■ Available data:
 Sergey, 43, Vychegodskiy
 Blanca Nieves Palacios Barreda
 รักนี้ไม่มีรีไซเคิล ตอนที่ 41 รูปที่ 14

■ Problem to work on: Give back the data above word for word.

■ Task response:
 Sergey, 43, Vychegodskiy
 Blanca Nieves Palacios Barreda
 รักนี้ไม่มีรีไซเคิล ตอนที่ 41 รูปที่ 14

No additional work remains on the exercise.